Another part of China’s spying leads to the theft of information and intellectual property. One of the most widely publicized cyber-thefts in recent years was the reports that hackers (again, allegedly Chinese) stole the plans for the F-35 Joint Strike Fighter from Lockheed Martin before it ever made its first flight. Not only is this report believable, but probably true.
Here is where the ironic twist of fate comes into play. The F-35 is so complex, and uses so much new or advanced technology that it has been plagued by problems. Among the problems were oil leaks, tire problems, issues with pilot helmets, and most recently an engine fire. This was serious enough to ground the F-35s built thus far. Prior problems delayed plans to use the planes from the Pentagon’s most expensive weapons program ($400 billion!!). It is still not cleared for use, much to the chagrin of the first user–the U. S. Marine Corps.
Wouldn’t it be the ultimate irony of a Chinese copy, if the Chinese planes built based on stolen U.S. technology also contained the same troublesome flaws?

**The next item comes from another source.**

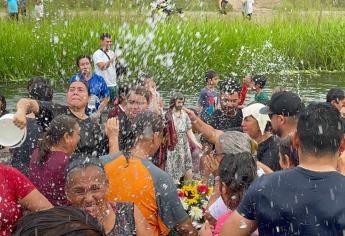 «Que lleguen las aguas» Con baño en el río celebran a San Juan Bautista en Villa Unión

In related situations, this kind of problem could easily exist if China copied/used GM’s problematic ignitionswitch design for its cars. After all, GM has pointed its finger at a Chinese vendor as being part of the problem. Boeing has struggled with problems on its Dreamliner airplane, notably battery fires. Might China have also copied those designs from Japan?

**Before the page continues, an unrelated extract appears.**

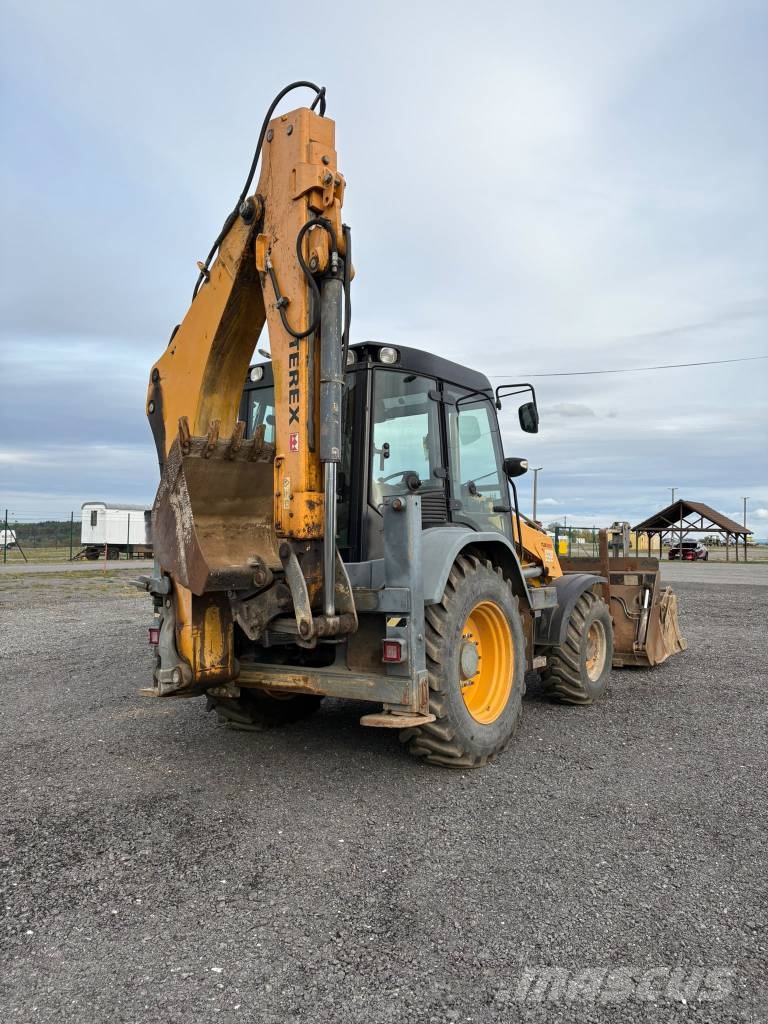 Terex TBL 890 Tractopelle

The old saying, “what goes around, comes around” might be more true than ever. Copying a technology or design is not the same as understanding how and why the design is configured the way it is. Nor does the copier have the depth of understanding to anticipate and fix nagging problems or design flaws—especially if they are buried several layers back in development and in different countries.
It would be incredibly ironic if the answer to the question “will Chinese copying backfire?” is a resounding “Yes!”
The world’s leader in spying and thefts might be destined to incur its own payback–failure and humiliation.